Friday, August 17, 2012

Quest for an Asset Viewer

Week 1

What a tough 2 week sprint!

The first task to pick off was getting screen saving and loading working. This was actually really easy to get going because serialization was built into my sprocket system. So in order to save and load all I had to do was serialize out the sprocket data to xml and then for loading I just had to write some code to place the loaded data into the right containers. I also ported over the code for throwing up the save/load dialogs. I kinda cheated when I originally setup the save/load dialogs. I just call the default win32 dialogs rather than create my own dialogs. I neatly packaged it up in my platform code so it should be easy to abstract it out when I do eventually get the code running cross-platform.

The next big thing was fixing the broken window drag functionality. I had a really tough time for this one for stupid reasons. It made for a really bad morning. Basically the problem was that all my mouse handling code was in local space. This works great for some things but when you're trying to move an object and the local space is changing everytime you move the object it creates some serious jitter! I didn't have a good way to expose the screen space deltas which is what I needed to move things properly. What I wound up having to do was calculate the delta based on the parent's coordinate space. I can't help but feel that's going to bite me down the road but for now the mouse drag is actually working better than before I started refactoring the UI system.

Once drag was working I was able to hook up the scale and translate buttons in the gizmo I created for manipulating UI Elements. I decided to leave rotation alone for now. Currently my UIClickable sprocket doesn't take into account rotation. I don't imagine it'd be a tough change, I already have a transformation matrix, it's just that I'm only using the translation element of it. Still I know it's going to be a lot more complicated then just multiplying by a rotation matrix.

I also spent some time just getting all the UI elements working with the UI Editor. While I was mucking around with that I needed to get arrays working with the protoform editor for certain create params. I managed to get them working the only problem is that they only work for simple types. So the problem is that I'm already using comma separated lists for the complicated types like Float3 which take multiple parameters for initialization and the way I'm parsing arrays is a comma separated list. This shouldn't be too tough to clean up in the future, just use brackets or something to separate items between commas.

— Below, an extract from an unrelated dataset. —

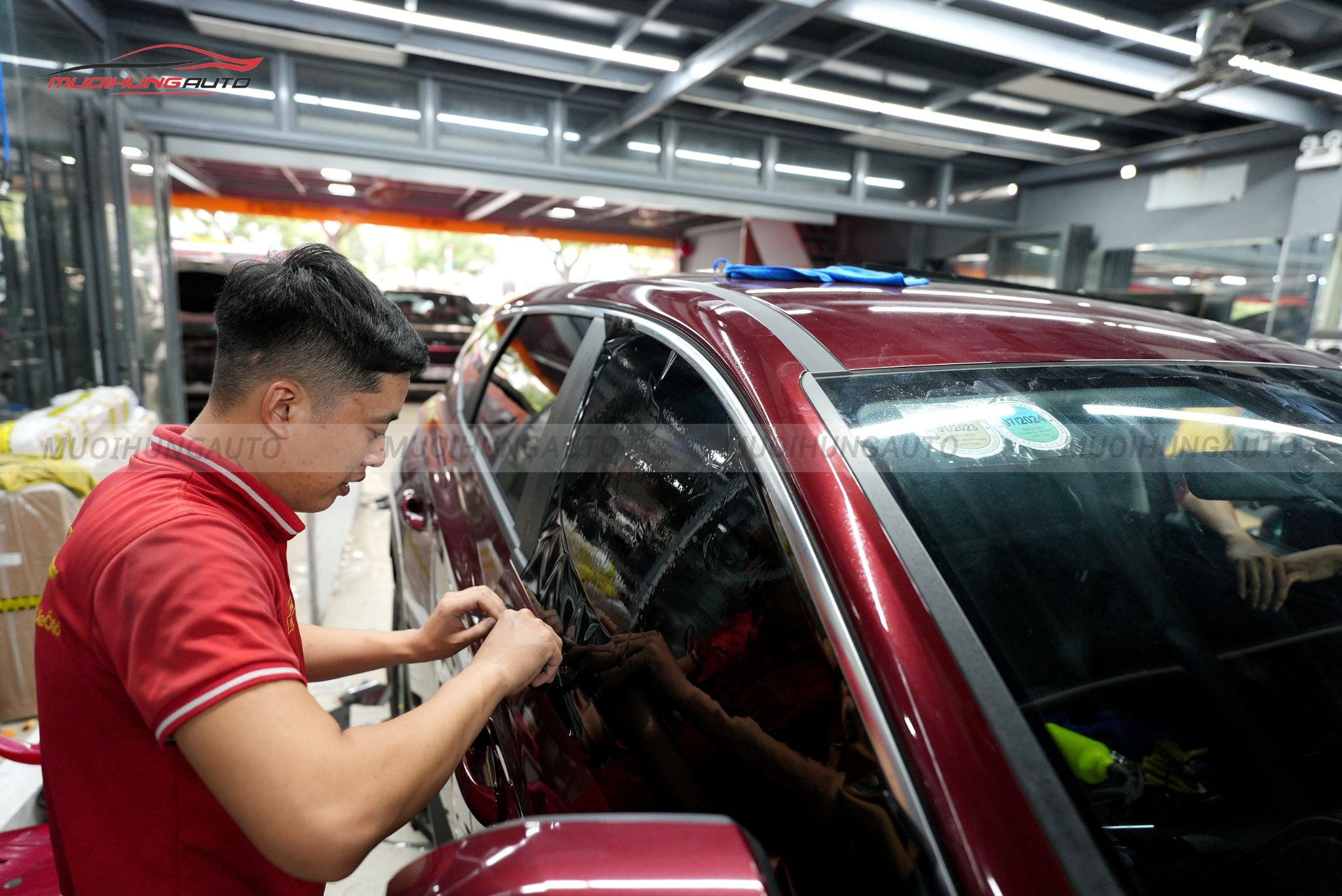 Dán phim cách nhiệt 3M cho xe Hyundai Tucson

Another big thing for this week was building a better way of viewing loaded assets as well as providing a means to select what textures to use in a UI element. The old way to select a texture for an element was to open up the xml package, check what I had set the id for on that particular asset and then type that id into the texture field in the protoform editor. I was about to start laying out the components in code when I realized this was a perfect test case for the editor! I always find when I actually start using a tool I find all sorts of bugs and come up with new feature ideas. The first bug/problem I ran into was that objects sorted in the order that they were placed. This was no good, I needed to be able to control the layering. For a simple solution to this problem I decided to use the z value I had been ignoring up until this point to sort the objects. I wrote some code that does a sort whenever an objects z value changed.

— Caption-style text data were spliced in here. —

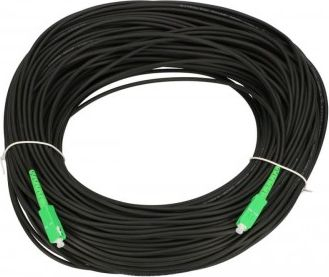 Kabllo fibër optike Extralink EX.13407, FTTH SC, 90 m, i zi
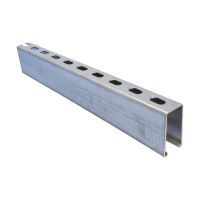 Profil strut typu E, perforowany, PG, 83mmx41mmx2,5mm, E12H1000PG (3m) | 310600 Erico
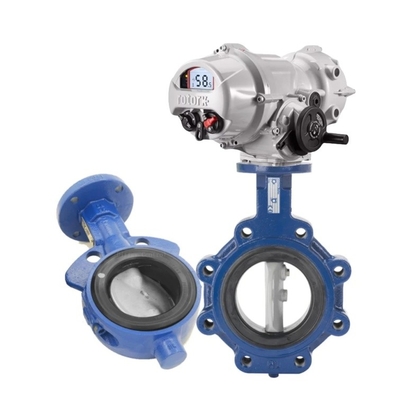 Las válvulas de control eléctricas con válvula de mariposa Keystone F990/F920 con actuador eléctrico de rotor IQ3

So once I had the sorting issue worked out I set about creating the asset entry ui element. This was easy, lay out a UISprite background, UISprite for a thumbnail placeholder and a UIText for the asset name and I was done. Then I realized that I had no way to load the object up and actually hook some code into it to replace the placeholder elements. I decided that the best thing to do was just start pounding out some code and see how it feels. I had the objects loaded into a UIContainer object and set up some code so I could clone that container so that I could create multiple objects using that template. I set up a UIAssetViewer class that held a bunch of these containers and did the logic for swapping out the placeholders. It works but I think it still needs some refinement.

Week 2

In the second week I managed to get the asset panels loaded and populating a UI container. There was another big cleanup operation, I needed to get scroll bars fixed up and switch my window class to use the UIComponentContainer for storing all the objects parented to it. This wasn't too bad of a change it was mostly copy and paste with a few little fix ups.  The scroll bar on the other hand.....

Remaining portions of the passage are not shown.